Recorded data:
——————————
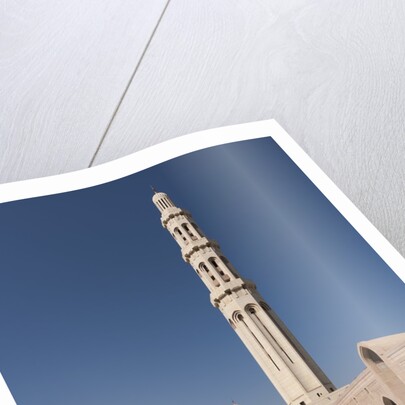 Sultan Qaboos Grand Mosque in Muscat by Anonymous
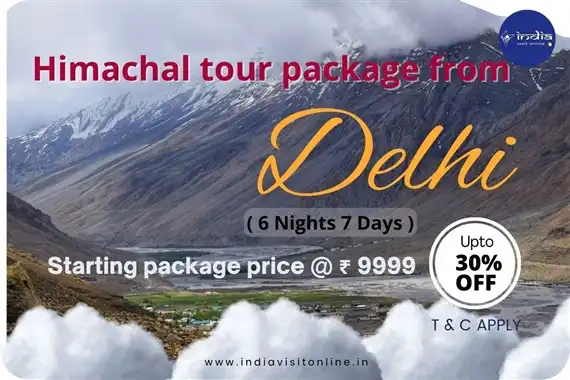 Himachal tour package from Delhi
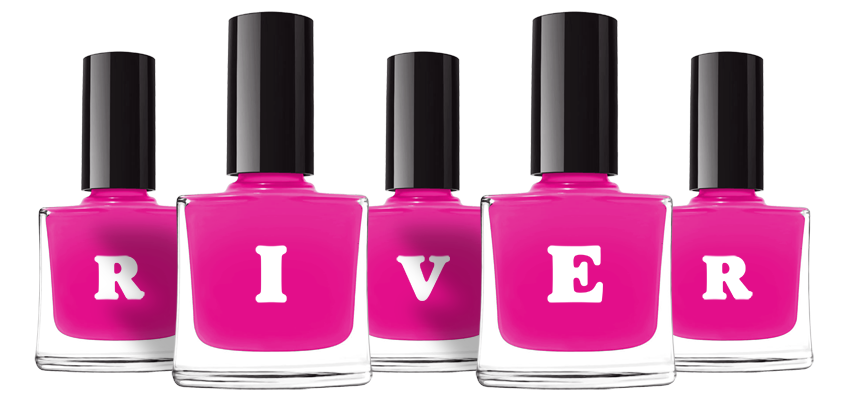 River nails logo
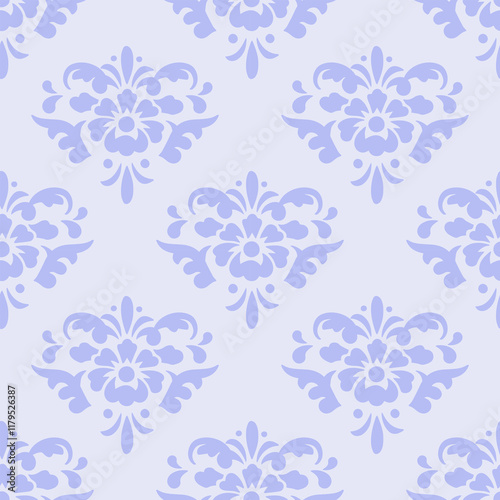 Wallpaper Mural floral Damask Seamless Pattern ethnic Classical luxury royal Vintage, paisley elements ornament victorian seamless texture for wallpapers, textile for wallpapers Torontodigital.ca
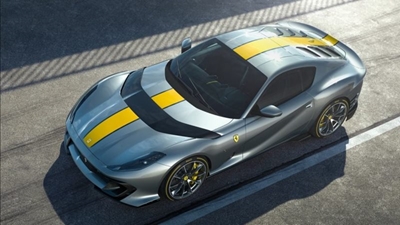 Special Edition Ferrari 812 revealed with 610 kW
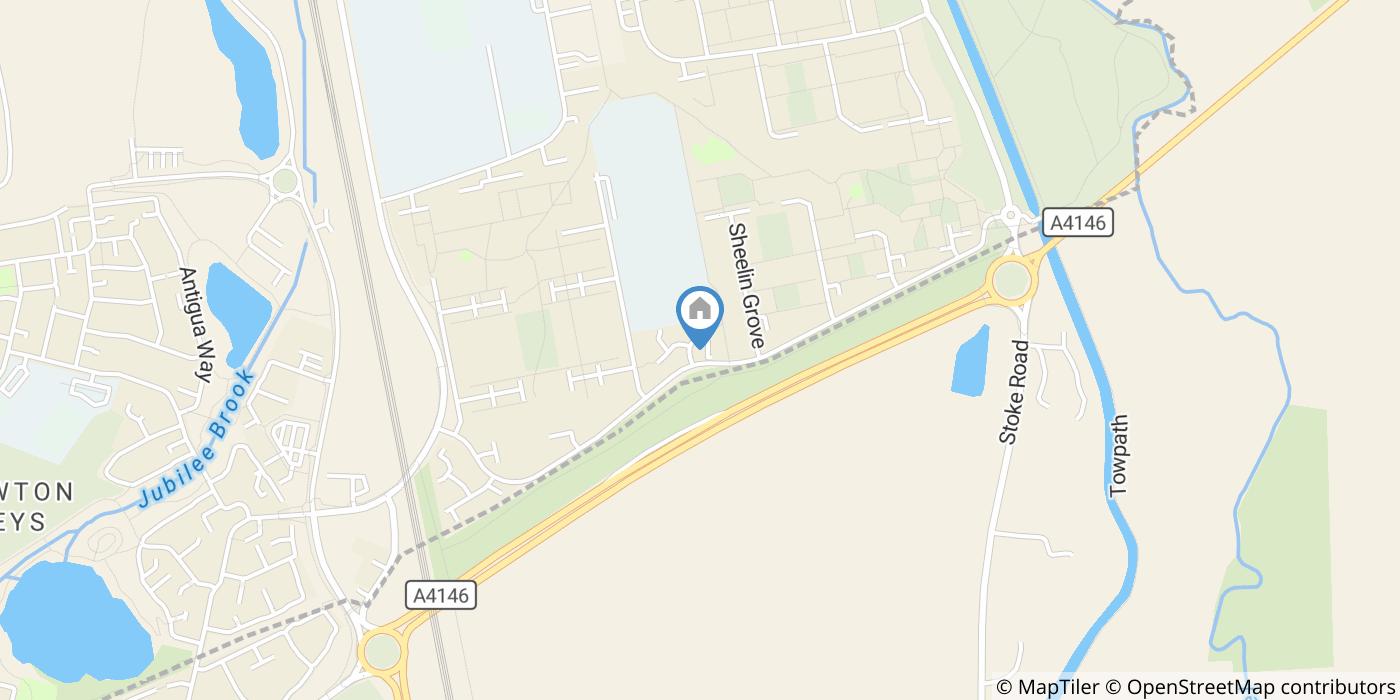 2 Bed Terraced House, Empingham Close, MK2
——————————
Work instructions: Give the entries again word for word, but skip the pictures.

Answer section:
 Sultan Qaboos Grand Mosque in Muscat by Anonymous
 Himachal tour package from Delhi
 River nails logo
 Wallpaper Mural floral Damask Seamless Pattern ethnic Classical luxury royal Vintage, paisley elements ornament victorian seamless texture for wallpapers, textile for wallpapers Torontodigital.ca
 Special Edition Ferrari 812 revealed with 610 kW
 2 Bed Terraced House, Empingham Close, MK2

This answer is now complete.